The good news is that I have spotted the lost lid of the dustbin deep within the hedge, which disappeared in the extreme gale months ago. I thought then that it must be in the garden somewhere, given the direction the wind was blowing from that night, and kept expecting to find it in one of the borders or tucked behind a shed, but as the weeks passed and it didn't show up, I decided it must have bowled away across the fields and resigned myself to its loss. The local foxes didn't seem to bother taking bags out of the dustbin, so the main people to suffer from the lack of a dustbin lid were the dustmen when water collected in the bin after rain. I reckon that wriggling flat on my stomach (and being very careful not to poke myself in the eye) I should be able to retrieve it.
The leaf burner smouldered away all morning without creating too much smoke, customised by the addition of a chimney in the form of piece of stove pipe left over from revamping the blue summerhouse. The Systems Administrator assures me that when you send hot air through a confined tube a form of the Venturi effect comes into play and speeds the air flow up, and that this is why the small traction engines I've seen at steam rallies often have long vertical exhaust pipes. It is true I have seen such pipes on many small engines, but I still don't understand the Venturi effect. My school physics teacher cited it as the reason why aerofoils work and aeroplanes fly, and I didn't believe it then either, even though I had to accept the evidence of my eyes that planes do fly.
The chickens did not come out for a run this afternoon.
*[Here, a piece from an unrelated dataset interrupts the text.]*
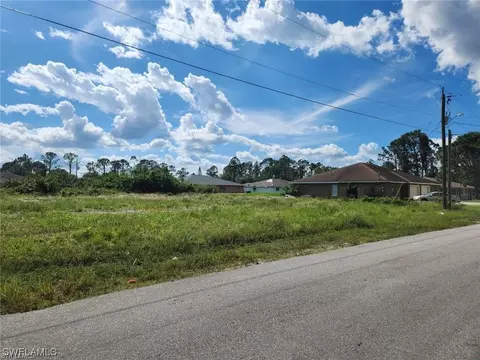 4709-4711 13th St SW, Lehigh Acres, FL 33973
They were disappointed, I could tell by the noise they were making, but yesterday when I released them they would not stay in the front garden, foraging in the turning circle or scratching around in the bed by the entrance, but set off with great determination down to the bottom lawn. I had to follow them, abandoning the hedge and taking my trowel to do some unscheduled weeding, and I didn't want to have to do it again. The hedge is beginning to weigh heavily on my mind. When Gertrude Stein asked Alice B. Toklas what she saw when she closed her eyes, Alice B. Toklas firmly answered 'Weeds'. I am in danger of seeing Eleagnus x ebbingei. It is time to get to the end of that hedge so that I can forget about it, apart from waiting to see whether it dies or not.